Trapped in a daydream

by Darren   Aug 6, 2015


There is a cage around my brain
Sitting on a swing of emotion
Steadying the sway is an autopilot pill

I am no longer capable of anger
Cannot truly show my love
My existence regurgitates a haze

People speak to me behind doors
In faraway corridors, sniggering
Have I heard them?
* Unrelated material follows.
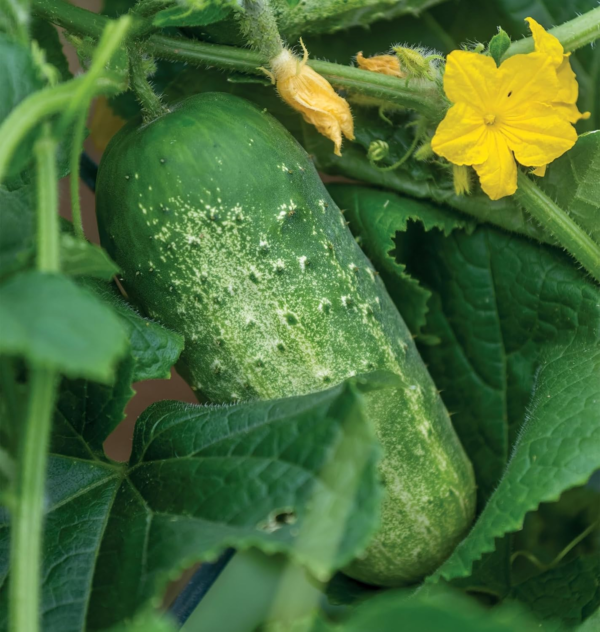 'Picklebush' Pickling Cucumber Seeds, 50 Non-Gmo Seeds, Container Friendly,  Exclusive - Image 2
Will I ever truly listen?

I only see momentous monotony
Taste palpitations of worthlessness
Desire indifference, chase away potential

Hold a candle to my eye
You will see the back of my head
Smell no change in fortune

Time is the only key
But do I embrace the notion?
Will I allow thought processes a connection?
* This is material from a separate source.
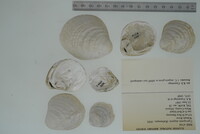 Cyprogenia stegaria image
Bellow this fire in my heart
It has slumbered
The fuel of rhyme and reason diminished

If there are only 21 steps in my mind
I have sat down, on step 11
Unwilling to go up, nor down

I can see where I want to be
But it only exists in dreams
And in the eyes of believers

I no longer believe in anything
A fight lost in entrapment
Optimism ovulated by my fear

At least in my daydreams I am smiling
The world only exists around me
I am merely an entity of humanity

Drag me to each destination
Force a journey on my mind
Know that I may never drink that water.

**

Can't really remember this one, maybe I wrote it then deleted it.